» Records for the task
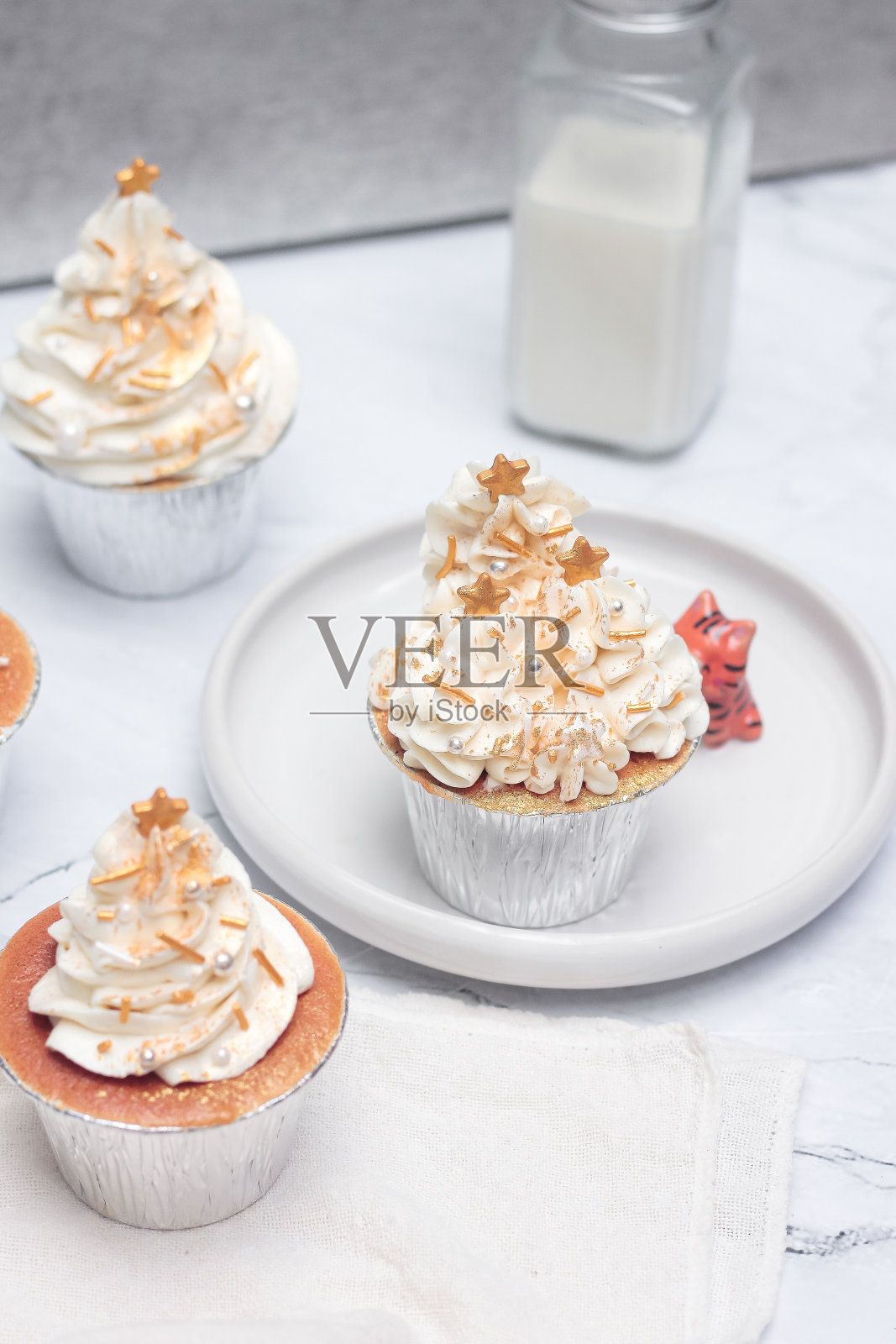 自制美味的纸杯蛋糕,桌上有白色奶油照片摄影图片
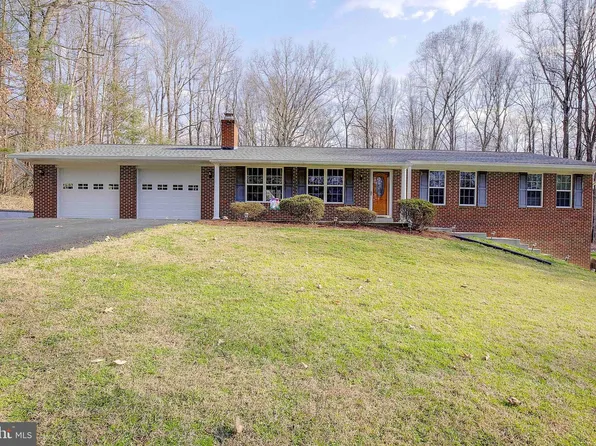 1510 Live Oak Dr, Huntingtown, MD 20639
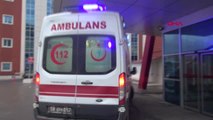 Sivas Şizofreni Hastası, Polis Memuruna Saldırıp Yaraladı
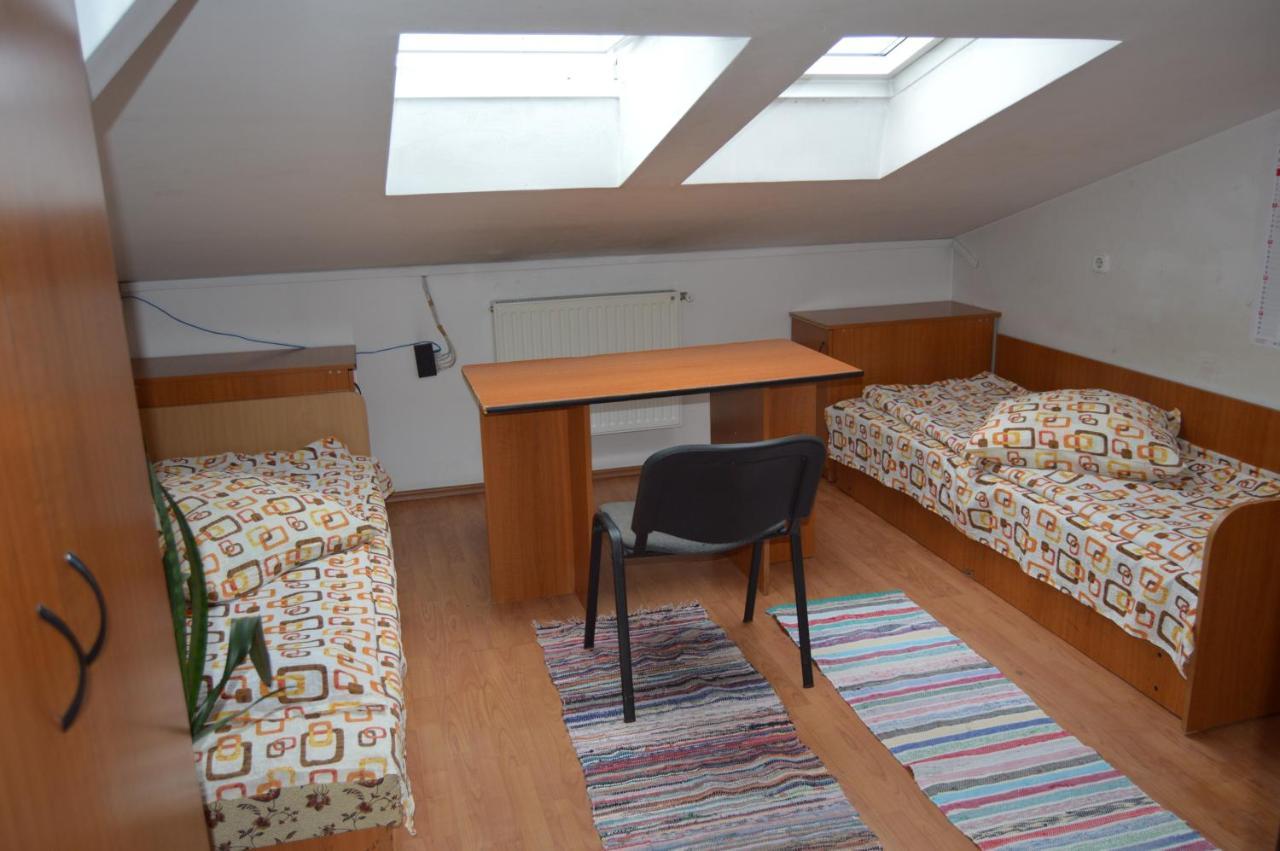 Kollege Hostel 克卢日-纳波卡 外观 照片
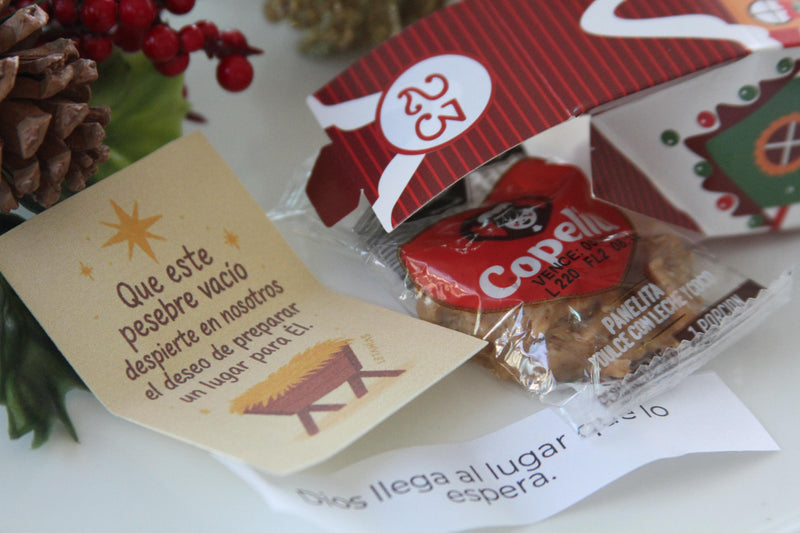 Contempla el nacimiento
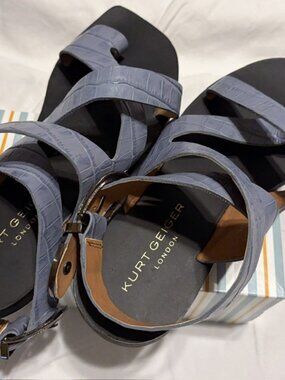 New Kurt Geiger London Mia Blue Croc Leather Sandals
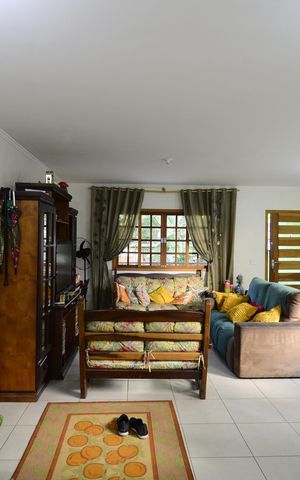 Casa à venda com 180m², 4 quartos e 10 vagasSala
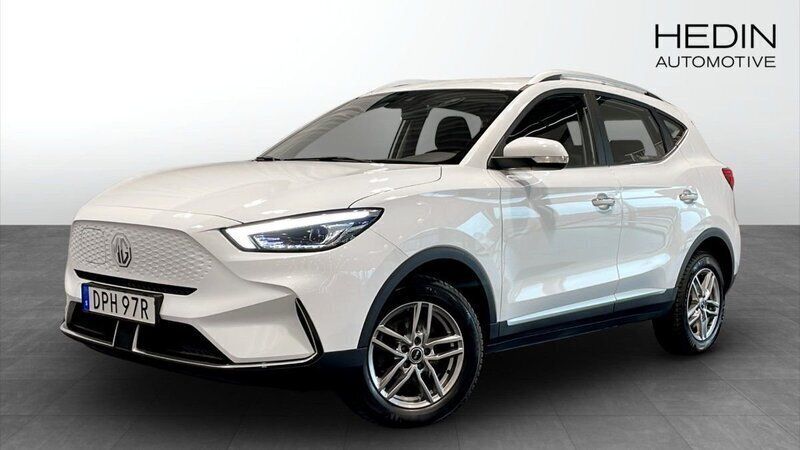 Vit (white) Begagnad 2022 MG ZS Comfort Sedan | 239 990 kr (Superpris) - Bild 1/4
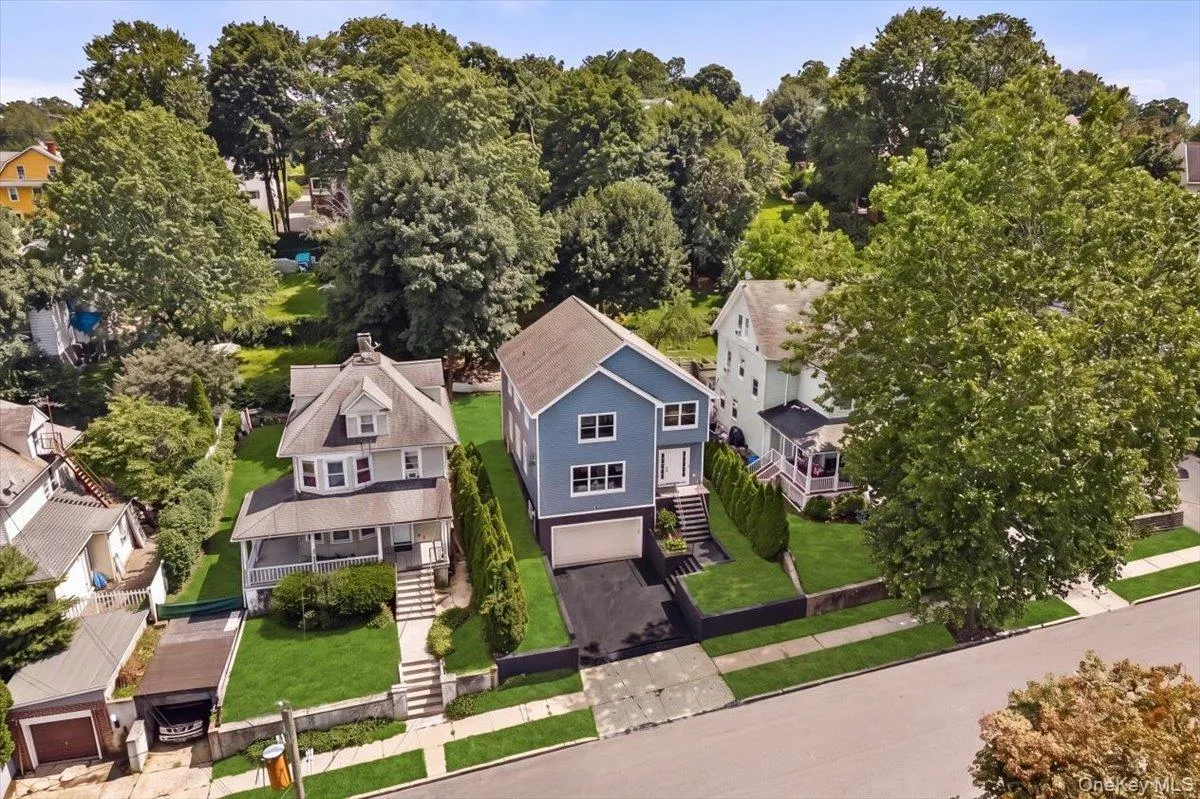 7 Wyanoke Street, White Plains, NY, 4 Bedrooms Bedrooms, 10 Rooms Rooms,3 BathroomsBathrooms,Residential,For Rent,Wyanoke,0,1033982 7 Wyanoke Street, White Plains, NY, 4 Bedrooms Bedrooms, 10 Rooms Rooms,3 BathroomsBathrooms,Residential,For Rent,Wyanoke,0,1033982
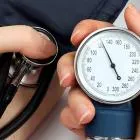 Ce băutură de la un nivel ridicat de medicamente sub presiune și remedii populare (Folk) Ce băutură de la o presiune ridicată medicamente și remedii populare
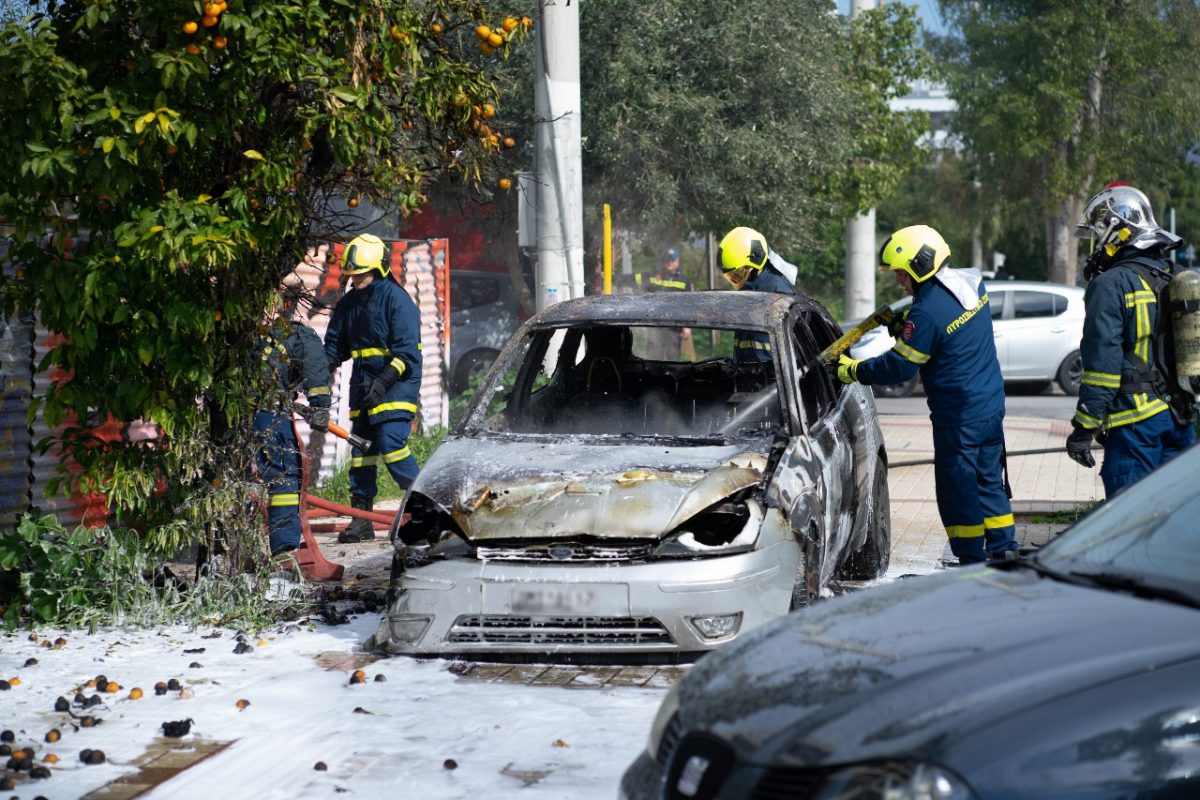 Γλυφάδα: Φωτιά στη Γρηγορίου Λαμπράκη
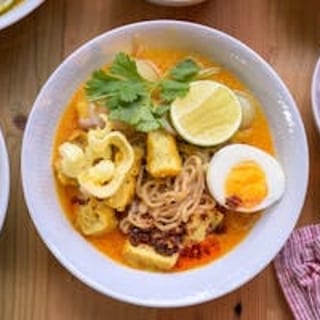Burma Coconut Noodle (Ono Kouk Swel)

» What is being asked
What you return must match the data above exactly, with no images included.

» Output for this exercise
 自制美味的纸杯蛋糕,桌上有白色奶油照片摄影图片
 1510 Live Oak Dr, Huntingtown, MD 20639
 Sivas Şizofreni Hastası, Polis Memuruna Saldırıp Yaraladı
 Kollege Hostel 克卢日-纳波卡 外观 照片
 Contempla el nacimiento
 New Kurt Geiger London Mia Blue Croc Leather Sandals
 Casa à venda com 180m², 4 quartos e 10 vagasSala
 Vit (white) Begagnad 2022 MG ZS Comfort Sedan | 239 990 kr (Superpris) - Bild 1/4
 7 Wyanoke Street, White Plains, NY, 4 Bedrooms Bedrooms, 10 Rooms Rooms,3 BathroomsBathrooms,Residential,For Rent,Wyanoke,0,1033982 7 Wyanoke Street, White Plains, NY, 4 Bedrooms Bedrooms, 10 Rooms Rooms,3 BathroomsBathrooms,Residential,For Rent,Wyanoke,0,1033982
 Ce băutură de la un nivel ridicat de medicamente sub presiune și remedii populare (Folk) Ce băutură de la o presiune ridicată medicamente și remedii populare
 Γλυφάδα: Φωτιά στη Γρηγορίου Λαμπράκη
Burma Coconut Noodle (Ono Kouk Swel)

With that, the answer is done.